I've never compared it without personally but I do know that Ryzen's architecture relies heavily on RAM speed so wouldn't surprise me if it're more noticeable on Ryzen platforms. Will it make a night and day difference (for any platform)? Probably not but it's always going to be faster (even if only a little). I imagine it's one of those things where most of the time it wouldn't have a tangible effect but when you saturate that bandwidth you'd notice it.

Do you ever see yourself needing a whole 64GB on your current platform? If not that then getting 1x16GB vs 2x8GB isn't that practical. Kits are frequently cheaper than a 1 off larger stick too.


----------



## TheNamelessPoet

So given this new knowledge (and ignoring color)...
It sounds like there is a benefit (albeit possibly very very minor) to getting 2x8gb for my computer.

Now expanding on that... I have 2 dual channels on my motherboard.  Does it make sense to buy a 2x8 OR, 4x4gb?   For example (aside from the $5 savings):
G.Skill - Ares Series 16GB (4 x 4GB) DDR3-2133 Memory
vs
G.Skill - Ares Series 16GB (2 x 8GB) DDR3-2133 Memory

Now I know the 4 do not work together because it is not a quad channel motherboard, HOWEVER is there any benefit to having both dual channels utilized?
If there is (even if it is tiny like SHLOUSKI pointed out it may well be) a benefit to using BOTH DUAL channels, does it make a difference if the ram is a 4x4gb kit that would work for a quad channel "kit"?

Also I notice the CAS Latency is 10 on the 4x4 and 11 on the 2x8.  Am I right in assuming a lower CAS number is better?


I am not sure if I am going to upgrade my RAM even this year (wife may kill me lol), but I am trying to learn as much as I can so that when I DO upgrade some day
I will at LEAST go up to DDR4 if not 5 when it comes out.  I know ill need a new processor and a new mobo, so I might as well understand RAM too


----------



## Shlouski

Darren said:


> Do you ever see yourself needing a whole 64GB on your current platform?



Sometimes I use ramdisk, less now as programs are getting so big and because of NVME raid its not really needed, but often I see around 80% ram usage with my 32gb.


----------



## johnb35

TheNamelessPoet said:


> Also I notice the CAS Latency is 10 on the 4x4 and 11 on the 2x8. Am I right in assuming a lower CAS number is better?


Yes


TheNamelessPoet said:


> Does it make sense to buy a 2x8 OR, 4x4gb?


2x8

2133mhz is pretty slow ram only a few boards actually support that as the fastest speed.  At this point if upgrading ram then get the fastest you can afford and what the board will support.


----------



## Shlouski

In most programs you won't see much (if any) real life difference between the fastest and the slowest ram, if you want faster ram then simply increase its speed and up its latency, you especially won't see any difference in gaming using a dedicated GPU. I have over the years realized a lot of ram is the same stuff or very close, clocked and timed differently, so different prices can be charge.
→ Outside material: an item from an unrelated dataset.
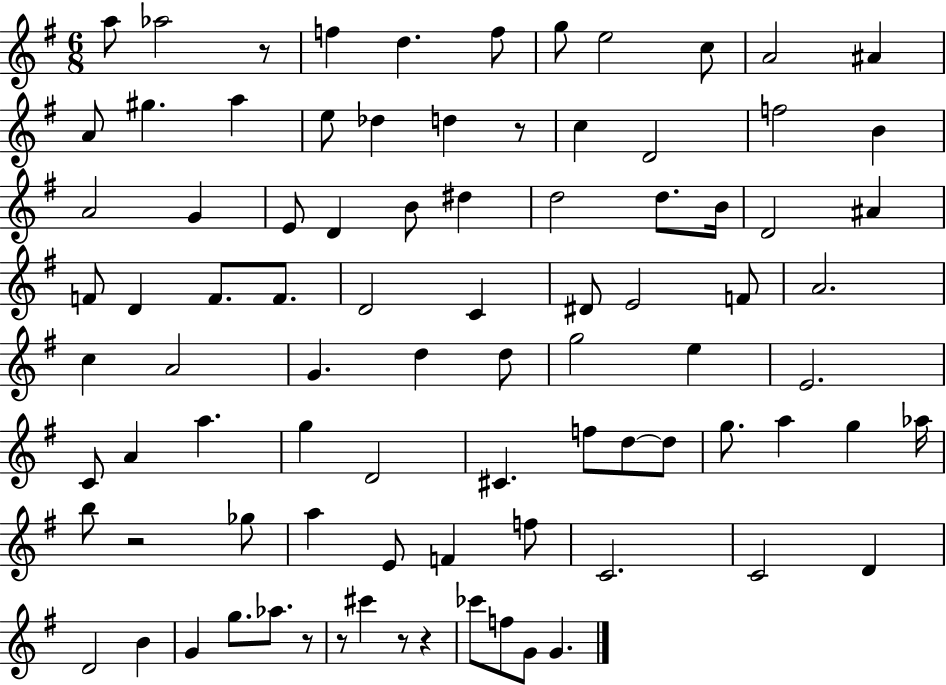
A5/e Ab5/h R/e F5/q D5/q. F5/e G5/e E5/h C5/e A4/h A#4/q A4/e G#5/q. A5/q E5/e Db5/q D5/q R/e C5/q D4/h F5/h B4/q A4/h G4/q E4/e D4/q B4/e D#5/q D5/h D5/e. B4/s D4/h A#4/q F4/e D4/q F4/e. F4/e. D4/h C4/q D#4/e E4/h F4/e A4/h. C5/q A4/h G4/q. D5/q D5/e G5/h E5/q E4/h. C4/e A4/q A5/q. G5/q D4/h C#4/q. F5/e D5/e D5/e G5/e. A5/q G5/q Ab5/s B5/e R/h Gb5/e A5/q E4/e F4/q F5/e C4/h. C4/h D4/q D4/h B4/q G4/q G5/e. Ab5/e. R/e R/e C#6/q R/e R/q CES6/e F5/e G4/e G4/q.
I have collected a lot of memory modules over the years and for example I have 3 different modules of corsair vengeance ddr3, 1600mhz CL9, 2133mhz CL10 and 2400mhz CL11, each one of these modules can run at 2400mhz CL11 stable at stock voltage, my i7 3770k build still runs corsair vengeance ddr3 1600mhz CL9 @ 2400mhz CL11 and its 6 years old now and still stable. My new i7 8700k build has 32gb of crucial 2133mhz CL15, I bought it because it was the cheapest memory I could buy and I run it stable at 3000mhz CL17, which was just a guess setting I made when I first assembled the PC, it may run even faster at CL17 or its possible I could even lower the latencies, but I can't be bothered wasting the time for such miniscule improvements.
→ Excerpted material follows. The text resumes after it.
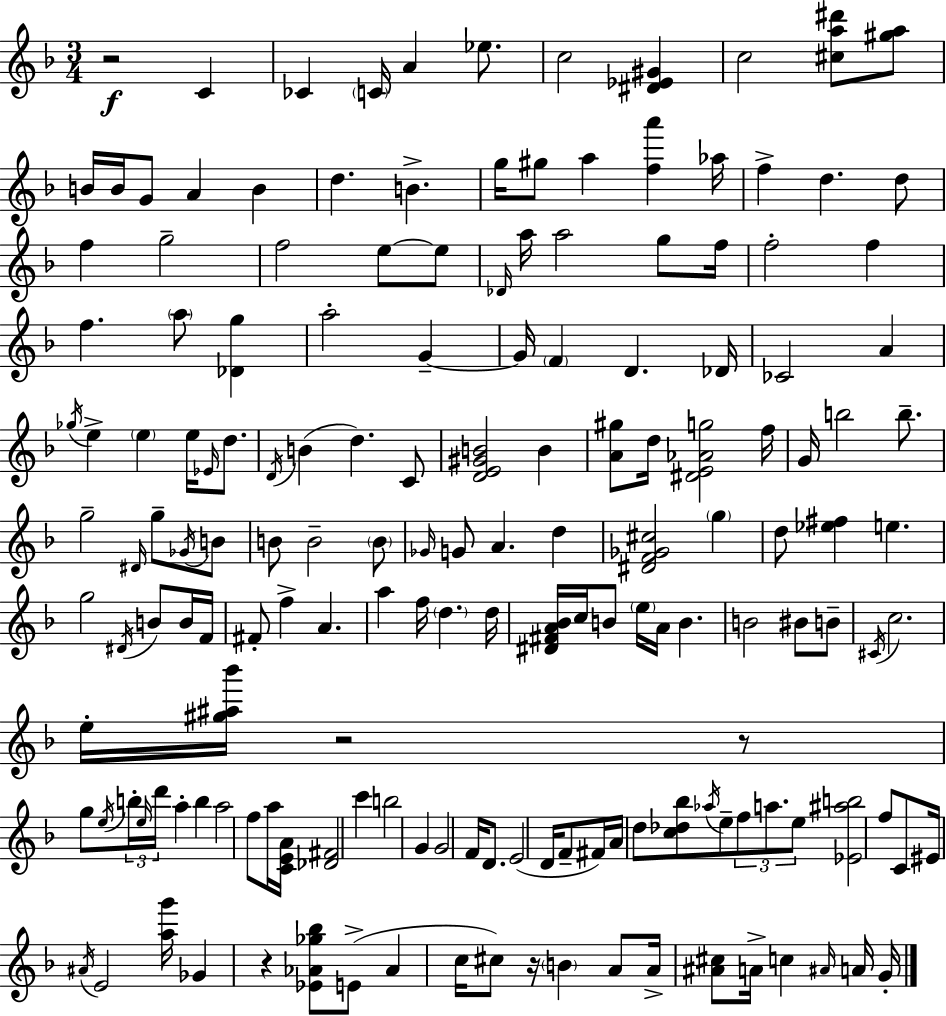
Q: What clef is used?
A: treble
Here are the two faster modules up from my ram, which of course are more expensive:
http://www.crucial.com/usa/en/ct16g4dfd824a          2400mhz @ CL17
http://www.crucial.com/usa/en/ct16g4dfd8266          2666mhz @ CL19

My ram isn't just capable of these speeds and latencies, it surpasses them. Now sure this is not as fast as a lot of the memory out there, but it shows the relationship between latencies and speeds, take these ram modules for example:

https://www.amazon.co.uk/Corsair-CM...ir,p_n_feature_keywords_browse-bin:2841372031

https://www.amazon.co.uk/Corsair-CM...ir,p_n_feature_keywords_browse-bin:2841372031

These are most likely identical modules, one programed to run at 2400mhz CL14 and the other at 3200 CL16, but of course you will pay more for the 3200mhz CL16 modules or you could just buy the cheaper 2400mhz CL14 modules and run them at 3200mhz CL16. This is just one example, but I've been able to do this with almost every module I've come into contact with in the last 15+ years.


----------



## Darren

RAM speed is definitely noticeable on Ryzen platforms. I went from 2133MHz to 2933 and it was definitely noticeable.


----------



## Shlouski

Darren said:


> RAM speed is definitely noticeable on Ryzen platforms. I went from 2133MHz to 2933 and it was definitely noticeable.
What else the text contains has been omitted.